> _EXERCISE_: Beginning with the first line, transcribe the entries below exactly through the line containing "X Ami W Lightweight Jacket Beige 534072-97", inclusive.
━━ DATA EXCERPTS
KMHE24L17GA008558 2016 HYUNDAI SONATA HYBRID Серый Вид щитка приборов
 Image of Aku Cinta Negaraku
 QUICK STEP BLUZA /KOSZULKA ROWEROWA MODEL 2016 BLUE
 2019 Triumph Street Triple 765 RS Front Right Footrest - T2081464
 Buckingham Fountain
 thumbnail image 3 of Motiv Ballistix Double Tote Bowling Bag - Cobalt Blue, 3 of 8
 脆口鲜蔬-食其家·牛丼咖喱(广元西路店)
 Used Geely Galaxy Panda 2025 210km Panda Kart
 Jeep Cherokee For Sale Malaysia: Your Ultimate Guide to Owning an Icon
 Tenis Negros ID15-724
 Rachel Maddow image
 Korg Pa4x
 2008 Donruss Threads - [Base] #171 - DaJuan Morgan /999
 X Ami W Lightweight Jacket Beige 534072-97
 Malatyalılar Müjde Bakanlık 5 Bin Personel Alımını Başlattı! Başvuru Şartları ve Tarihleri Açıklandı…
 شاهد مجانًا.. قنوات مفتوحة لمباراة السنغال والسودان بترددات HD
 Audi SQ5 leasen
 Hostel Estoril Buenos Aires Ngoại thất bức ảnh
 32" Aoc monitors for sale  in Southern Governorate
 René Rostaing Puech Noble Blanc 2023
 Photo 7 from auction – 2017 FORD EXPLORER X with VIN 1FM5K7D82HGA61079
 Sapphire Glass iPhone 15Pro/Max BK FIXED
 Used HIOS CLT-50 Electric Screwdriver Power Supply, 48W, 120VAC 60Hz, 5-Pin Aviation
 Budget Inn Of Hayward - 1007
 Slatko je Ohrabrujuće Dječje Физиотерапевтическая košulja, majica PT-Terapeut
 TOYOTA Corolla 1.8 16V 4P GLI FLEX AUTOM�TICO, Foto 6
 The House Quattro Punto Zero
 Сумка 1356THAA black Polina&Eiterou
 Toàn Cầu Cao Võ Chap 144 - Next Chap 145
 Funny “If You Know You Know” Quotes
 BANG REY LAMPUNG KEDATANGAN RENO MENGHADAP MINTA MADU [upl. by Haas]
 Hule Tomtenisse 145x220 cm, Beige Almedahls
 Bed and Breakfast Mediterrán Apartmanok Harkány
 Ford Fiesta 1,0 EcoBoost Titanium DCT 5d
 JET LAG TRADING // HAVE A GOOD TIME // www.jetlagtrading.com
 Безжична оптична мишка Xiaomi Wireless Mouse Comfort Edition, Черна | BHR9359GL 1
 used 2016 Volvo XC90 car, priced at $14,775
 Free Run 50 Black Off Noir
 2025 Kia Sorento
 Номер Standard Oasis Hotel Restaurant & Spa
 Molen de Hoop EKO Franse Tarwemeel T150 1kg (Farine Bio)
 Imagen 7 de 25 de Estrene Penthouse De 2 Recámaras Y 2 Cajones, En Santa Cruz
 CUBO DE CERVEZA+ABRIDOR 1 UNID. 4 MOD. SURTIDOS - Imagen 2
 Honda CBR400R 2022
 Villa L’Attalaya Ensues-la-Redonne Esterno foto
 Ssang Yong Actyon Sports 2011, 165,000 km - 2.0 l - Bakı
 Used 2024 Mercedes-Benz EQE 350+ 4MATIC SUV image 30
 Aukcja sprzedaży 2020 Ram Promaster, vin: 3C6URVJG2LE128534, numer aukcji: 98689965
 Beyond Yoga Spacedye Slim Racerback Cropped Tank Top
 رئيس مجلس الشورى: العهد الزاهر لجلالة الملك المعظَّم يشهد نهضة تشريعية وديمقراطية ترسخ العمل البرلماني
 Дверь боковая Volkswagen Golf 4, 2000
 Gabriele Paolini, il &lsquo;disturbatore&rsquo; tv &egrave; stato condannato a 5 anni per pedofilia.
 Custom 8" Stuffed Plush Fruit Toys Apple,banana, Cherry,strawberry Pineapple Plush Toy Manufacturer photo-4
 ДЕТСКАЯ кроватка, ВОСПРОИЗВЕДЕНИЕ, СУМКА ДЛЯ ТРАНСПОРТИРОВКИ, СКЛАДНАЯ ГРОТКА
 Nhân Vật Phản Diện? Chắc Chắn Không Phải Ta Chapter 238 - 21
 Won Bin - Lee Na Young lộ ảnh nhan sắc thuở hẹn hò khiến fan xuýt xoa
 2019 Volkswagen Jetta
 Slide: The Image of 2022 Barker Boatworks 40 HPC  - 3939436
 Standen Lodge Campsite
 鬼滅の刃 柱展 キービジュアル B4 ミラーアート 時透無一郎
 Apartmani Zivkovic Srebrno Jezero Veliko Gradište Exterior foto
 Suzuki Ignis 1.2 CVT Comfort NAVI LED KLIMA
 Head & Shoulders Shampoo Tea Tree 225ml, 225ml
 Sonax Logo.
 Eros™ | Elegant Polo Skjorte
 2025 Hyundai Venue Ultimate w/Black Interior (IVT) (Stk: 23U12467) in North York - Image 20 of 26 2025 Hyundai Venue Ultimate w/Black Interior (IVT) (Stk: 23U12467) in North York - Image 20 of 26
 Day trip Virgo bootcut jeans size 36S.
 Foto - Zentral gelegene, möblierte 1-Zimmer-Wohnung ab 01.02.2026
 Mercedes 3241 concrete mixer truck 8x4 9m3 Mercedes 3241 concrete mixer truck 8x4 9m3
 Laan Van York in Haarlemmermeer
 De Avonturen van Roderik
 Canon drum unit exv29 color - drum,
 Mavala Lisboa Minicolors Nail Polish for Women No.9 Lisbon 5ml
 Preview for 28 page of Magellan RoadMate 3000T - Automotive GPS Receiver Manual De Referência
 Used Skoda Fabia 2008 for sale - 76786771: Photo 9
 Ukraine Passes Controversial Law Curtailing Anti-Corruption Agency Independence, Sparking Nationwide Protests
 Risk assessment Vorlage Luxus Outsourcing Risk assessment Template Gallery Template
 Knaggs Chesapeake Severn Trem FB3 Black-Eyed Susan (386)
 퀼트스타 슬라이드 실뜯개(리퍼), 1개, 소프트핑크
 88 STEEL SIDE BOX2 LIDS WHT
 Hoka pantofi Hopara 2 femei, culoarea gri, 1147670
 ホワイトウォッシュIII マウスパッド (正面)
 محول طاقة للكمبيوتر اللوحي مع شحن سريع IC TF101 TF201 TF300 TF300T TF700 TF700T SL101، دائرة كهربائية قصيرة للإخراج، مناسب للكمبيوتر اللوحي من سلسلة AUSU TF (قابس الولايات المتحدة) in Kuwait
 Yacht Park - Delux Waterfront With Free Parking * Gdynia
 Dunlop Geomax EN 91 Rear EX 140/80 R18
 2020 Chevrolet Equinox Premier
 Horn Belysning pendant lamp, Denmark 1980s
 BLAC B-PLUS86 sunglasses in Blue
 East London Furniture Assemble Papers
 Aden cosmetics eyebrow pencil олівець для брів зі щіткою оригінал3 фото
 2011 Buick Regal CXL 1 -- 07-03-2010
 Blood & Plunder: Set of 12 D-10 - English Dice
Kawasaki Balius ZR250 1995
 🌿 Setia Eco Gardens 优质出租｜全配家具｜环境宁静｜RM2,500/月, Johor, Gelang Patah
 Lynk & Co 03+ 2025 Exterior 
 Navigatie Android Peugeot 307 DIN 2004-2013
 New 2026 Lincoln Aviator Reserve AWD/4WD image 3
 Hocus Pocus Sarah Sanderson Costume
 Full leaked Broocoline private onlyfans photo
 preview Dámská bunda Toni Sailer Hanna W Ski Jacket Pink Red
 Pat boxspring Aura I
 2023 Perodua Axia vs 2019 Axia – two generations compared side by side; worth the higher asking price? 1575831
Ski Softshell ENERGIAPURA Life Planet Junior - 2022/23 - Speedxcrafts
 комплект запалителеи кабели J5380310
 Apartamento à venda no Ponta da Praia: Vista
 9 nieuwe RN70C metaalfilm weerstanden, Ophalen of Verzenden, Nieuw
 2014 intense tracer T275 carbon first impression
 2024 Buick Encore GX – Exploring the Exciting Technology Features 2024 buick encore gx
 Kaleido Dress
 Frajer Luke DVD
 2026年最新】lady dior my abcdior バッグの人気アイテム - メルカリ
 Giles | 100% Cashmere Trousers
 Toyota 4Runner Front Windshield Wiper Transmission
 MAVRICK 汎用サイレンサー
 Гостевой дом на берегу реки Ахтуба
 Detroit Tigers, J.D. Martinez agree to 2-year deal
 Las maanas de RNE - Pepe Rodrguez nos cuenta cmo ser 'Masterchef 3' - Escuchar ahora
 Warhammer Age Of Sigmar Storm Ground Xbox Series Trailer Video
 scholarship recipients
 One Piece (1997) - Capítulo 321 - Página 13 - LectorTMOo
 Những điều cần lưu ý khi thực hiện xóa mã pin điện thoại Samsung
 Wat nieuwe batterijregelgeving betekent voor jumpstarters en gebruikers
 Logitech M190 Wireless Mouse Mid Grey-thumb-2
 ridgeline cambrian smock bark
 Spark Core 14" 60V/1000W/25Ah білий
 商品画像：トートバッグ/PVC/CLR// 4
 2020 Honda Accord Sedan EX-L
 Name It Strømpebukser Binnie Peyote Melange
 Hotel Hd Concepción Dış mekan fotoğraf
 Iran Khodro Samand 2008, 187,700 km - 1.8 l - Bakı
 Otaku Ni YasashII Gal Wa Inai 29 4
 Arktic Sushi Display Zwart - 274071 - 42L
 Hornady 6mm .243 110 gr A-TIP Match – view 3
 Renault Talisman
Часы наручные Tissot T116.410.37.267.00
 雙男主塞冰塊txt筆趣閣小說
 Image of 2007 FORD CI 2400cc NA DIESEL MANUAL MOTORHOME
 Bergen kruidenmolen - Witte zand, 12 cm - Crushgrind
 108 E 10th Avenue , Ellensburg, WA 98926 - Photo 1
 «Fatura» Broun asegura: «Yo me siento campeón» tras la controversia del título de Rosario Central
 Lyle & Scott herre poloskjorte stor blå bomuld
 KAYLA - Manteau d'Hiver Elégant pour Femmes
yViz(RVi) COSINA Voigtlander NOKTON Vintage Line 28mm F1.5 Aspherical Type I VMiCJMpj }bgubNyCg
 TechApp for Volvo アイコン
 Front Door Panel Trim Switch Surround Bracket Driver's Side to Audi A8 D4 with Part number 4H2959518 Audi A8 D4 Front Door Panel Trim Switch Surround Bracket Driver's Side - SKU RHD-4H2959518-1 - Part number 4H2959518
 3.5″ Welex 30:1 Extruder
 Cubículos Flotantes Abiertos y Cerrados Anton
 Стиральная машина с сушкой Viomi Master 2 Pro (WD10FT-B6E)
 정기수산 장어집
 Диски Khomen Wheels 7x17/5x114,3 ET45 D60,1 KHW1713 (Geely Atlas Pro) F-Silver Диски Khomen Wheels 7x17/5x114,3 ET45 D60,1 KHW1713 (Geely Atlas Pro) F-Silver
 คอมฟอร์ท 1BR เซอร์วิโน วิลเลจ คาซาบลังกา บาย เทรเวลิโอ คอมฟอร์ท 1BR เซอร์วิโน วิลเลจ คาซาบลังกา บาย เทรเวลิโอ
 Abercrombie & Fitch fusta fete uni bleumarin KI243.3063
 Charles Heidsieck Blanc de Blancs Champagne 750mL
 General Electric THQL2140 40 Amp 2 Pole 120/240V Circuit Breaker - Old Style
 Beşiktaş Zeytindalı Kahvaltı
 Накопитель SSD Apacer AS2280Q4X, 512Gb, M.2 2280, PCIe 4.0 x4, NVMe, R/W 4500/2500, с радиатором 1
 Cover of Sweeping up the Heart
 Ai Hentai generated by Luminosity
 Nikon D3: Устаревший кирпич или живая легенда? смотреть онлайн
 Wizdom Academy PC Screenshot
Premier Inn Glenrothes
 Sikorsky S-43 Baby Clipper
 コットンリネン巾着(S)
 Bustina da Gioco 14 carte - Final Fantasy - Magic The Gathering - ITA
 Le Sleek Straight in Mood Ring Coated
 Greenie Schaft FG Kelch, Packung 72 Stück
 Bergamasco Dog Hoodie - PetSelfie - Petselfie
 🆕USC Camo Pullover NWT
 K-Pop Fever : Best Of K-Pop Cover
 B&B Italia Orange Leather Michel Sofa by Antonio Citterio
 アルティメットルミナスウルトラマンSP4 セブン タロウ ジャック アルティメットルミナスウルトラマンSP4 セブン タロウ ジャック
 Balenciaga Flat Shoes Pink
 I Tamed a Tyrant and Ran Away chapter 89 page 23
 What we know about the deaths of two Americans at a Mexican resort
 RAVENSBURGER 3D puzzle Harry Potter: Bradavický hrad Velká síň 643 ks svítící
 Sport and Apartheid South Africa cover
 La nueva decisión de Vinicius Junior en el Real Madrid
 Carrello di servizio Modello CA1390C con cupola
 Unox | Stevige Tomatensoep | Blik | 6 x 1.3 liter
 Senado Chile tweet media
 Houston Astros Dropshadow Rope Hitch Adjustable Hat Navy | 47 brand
━━━━
> _SOLUTION TO THIS EXERCISE_:
KMHE24L17GA008558 2016 HYUNDAI SONATA HYBRID Серый Вид щитка приборов
 Image of Aku Cinta Negaraku
 QUICK STEP BLUZA /KOSZULKA ROWEROWA MODEL 2016 BLUE
 2019 Triumph Street Triple 765 RS Front Right Footrest - T2081464
 Buckingham Fountain
 thumbnail image 3 of Motiv Ballistix Double Tote Bowling Bag - Cobalt Blue, 3 of 8
 脆口鲜蔬-食其家·牛丼咖喱(广元西路店)
 Used Geely Galaxy Panda 2025 210km Panda Kart
 Jeep Cherokee For Sale Malaysia: Your Ultimate Guide to Owning an Icon
 Tenis Negros ID15-724
 Rachel Maddow image
 Korg Pa4x
 2008 Donruss Threads - [Base] #171 - DaJuan Morgan /999
 X Ami W Lightweight Jacket Beige 534072-97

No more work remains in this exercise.